I was talking to Clausing about some drawings for restoring a 900B Collet Attachment, and ordered one from them.  Price was $42.92, which compares favorably with the cost of a plain gear plus cost to bore, face. and double broach.


----------



## roadie33 (Mar 1, 2017)

You can also go this route if you want a Boston steel gear from Amazon. Comparable price but better gear.

https://www.amazon.com/Boston-Gear-...1&keywords=Boston+Gear+GB24+Plain+Change+Gear


----------



## wa5cab (Mar 1, 2017)

Hmmm.  They don't give either the face width or the bore length.  But at least, you wouldn't have to bore and broach it.


----------



## Rob (Mar 1, 2017)

The Boston Gear GB series have 1/2 face and bore length.  Here is the link to there catalog and the GB series are on page 29.  http://www.bostongear.com/products/open-gearing/stock-gears/spur-gears/change-gears Amazon carries most of the gears and they are made in steel or cast iron depending on size.


----------



## 38Bill (Mar 1, 2017)

My 12" uses a 40T so I just added a 20T to the back of it and then removed the outside gear of the double 48T set that drives the QC. The compound gear drives the 40T and the 20T (mated to the back of the 40T)  then drives the remaining 48T.  NOTE: The outside gear of the double set needs to be removed as the other gear above it will hit it due to the difference with meshing the smaller gear to the 48T.


----------



## wa5cab (Mar 2, 2017)

Yes, that will also work.  However, in my experience the 40T gear wears more than the 48's for three reasons.  (1) it is loose on the bushing so the ID wears more, (2) it is engaging two gears while not being as constrained at the hub, and (3) it is running 20% faster.


----------



## 38Bill (Mar 2, 2017)

wa5cab said:


> Yes, that will also work.  However, in my experience the 40T gear wears more than the 48's for three reasons.  (1) it is loose on the bushing so the ID wears more, (2) it is engaging two gears while not being as constrained at the hub, and (3) it is running 20% faster.

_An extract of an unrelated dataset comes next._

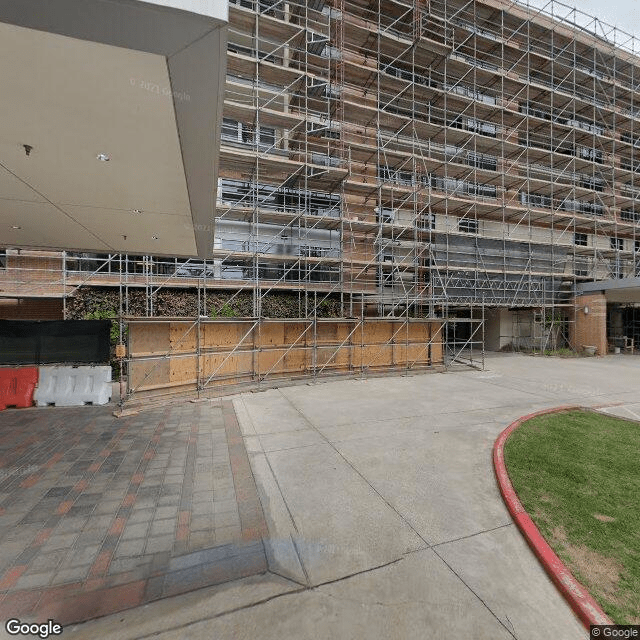 street view of The Village at Woodlands Waterway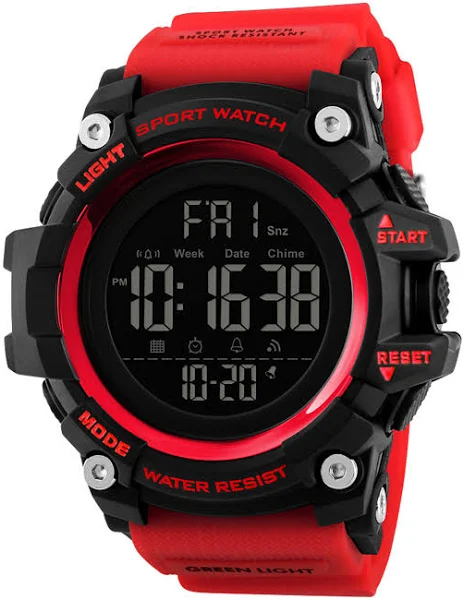 Zegarek Męski Wojskowy Skmei S-shock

As the 40T is the standard gear on my 12" it isn't loose or turning any faster than than before. It has a spacer behind (on the bushing) it that is simply replaced with a 20T gear. The lower, outside 48T gear needs to be removed and replaced with a spacer. If you don't have a spacer you can use any gear with a small enough dia that will clear the 40T. Here is a sketch I made when I did mine for the first time.


----------



## wa5cab (Mar 2, 2017)

Well, either way will work.  But if your machine had a spacer behind it, some owner added it after the lathe left the factory.  The 40T is the sliding gear, and is held in either front or back position by the metal disk that is between the 16T and 32T gears on the tumbler compound gear.  That's the only reason for that disk.  I have a 3996 purchased new which is that way, plus all of the manuals including the MOLO's show it that way.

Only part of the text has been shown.